Angesprochen auf die happigen Vorwürfe des China-Experten entgegnet Castellaneta, man sei sich der Problematik durchaus bewusst und lasse sich nicht naiv instrumentalisieren. Man dürfe diese Partnerschaft aber nicht überbewerten.

Es ist kein Vertrag mit China.
Autor: Marco Castellaneta Direktor Museum Aargau

«Es ist kein Vertrag mit China, es ist eine Partnerschaft zwischen zwei grossen Schlössern, die ihre Geschichte nach ähnlichem Muster vermitteln, mehr nicht.» Das Aargauer Schloss könne sicher von der Zusammenarbeit profitieren und das Publikum werde in der Praxis kaum etwas davon merken.

Keine rassistische Diskussion

Box aufklappen Box zuklappen

Der Schweizer China-Experte Ralph Weber äussert happige Kritik an chinesischen Engagements in der Schweiz und ist auch bei Kooperationen mit China im Kulturbereich skeptisch, weil stets eine Art Staatspropaganda droht.

Dabei betont Weber aber nachdrücklich, es gehe bei dieser Kritik in keinster Weise um das chinesische Volk oder um Vorurteile gegenüber Chinesinnen und Chinesen.
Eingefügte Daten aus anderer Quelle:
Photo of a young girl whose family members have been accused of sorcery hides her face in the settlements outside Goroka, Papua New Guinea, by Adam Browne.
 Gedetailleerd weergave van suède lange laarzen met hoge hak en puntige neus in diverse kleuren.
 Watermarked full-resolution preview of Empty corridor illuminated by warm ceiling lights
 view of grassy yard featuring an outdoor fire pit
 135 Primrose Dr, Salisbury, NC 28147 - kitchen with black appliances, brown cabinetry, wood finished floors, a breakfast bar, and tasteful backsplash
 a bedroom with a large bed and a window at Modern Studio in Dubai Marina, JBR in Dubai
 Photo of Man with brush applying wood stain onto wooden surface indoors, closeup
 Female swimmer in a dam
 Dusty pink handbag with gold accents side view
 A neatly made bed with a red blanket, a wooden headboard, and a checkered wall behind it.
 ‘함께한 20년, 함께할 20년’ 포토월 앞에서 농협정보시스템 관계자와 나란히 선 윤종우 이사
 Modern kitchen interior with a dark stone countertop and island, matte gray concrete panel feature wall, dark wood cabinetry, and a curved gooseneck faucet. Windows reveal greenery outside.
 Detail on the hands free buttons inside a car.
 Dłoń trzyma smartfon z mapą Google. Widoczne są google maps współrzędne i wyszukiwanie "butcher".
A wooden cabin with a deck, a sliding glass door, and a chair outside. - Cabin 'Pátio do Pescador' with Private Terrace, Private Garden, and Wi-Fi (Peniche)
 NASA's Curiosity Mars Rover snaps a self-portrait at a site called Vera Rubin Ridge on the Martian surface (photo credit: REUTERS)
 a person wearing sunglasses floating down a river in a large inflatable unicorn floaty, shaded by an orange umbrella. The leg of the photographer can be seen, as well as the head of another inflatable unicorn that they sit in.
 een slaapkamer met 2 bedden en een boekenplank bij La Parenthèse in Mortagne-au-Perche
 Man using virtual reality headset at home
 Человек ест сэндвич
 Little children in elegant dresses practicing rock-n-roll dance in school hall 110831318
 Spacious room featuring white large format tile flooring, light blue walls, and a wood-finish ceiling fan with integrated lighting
Man müsse hier die Kritik am autoritären Staatsapparat dringend von Kritik an den Menschen trennen, sonst drohe man in eine gefährliche rassistische Diskussion abzudriften. Das sei ganz und gar nicht seine Absicht, sagt Ralph Weber, der selber auch in China studiert hat und als Kenner der chinesischen Philosophie durchaus auch Faszination und Begeisterung für die Kultur im Reich der Mitte empfindet.

Bei aller Skepsis sei es klar, dass internationale Kooperationen zwischen der Schweiz und China auch im kulturellen Bereich möglich sein sollen in einer globalisierten Welt. Dabei müsse man aber immer beachten, mit wem man es zu tun habe, findet Ralph Weber. Eine einzelne Partnerschaft möge unproblematisch sein, in der Summe allerdings könnten sie dann eine grosse Propagandawirkung entfalten.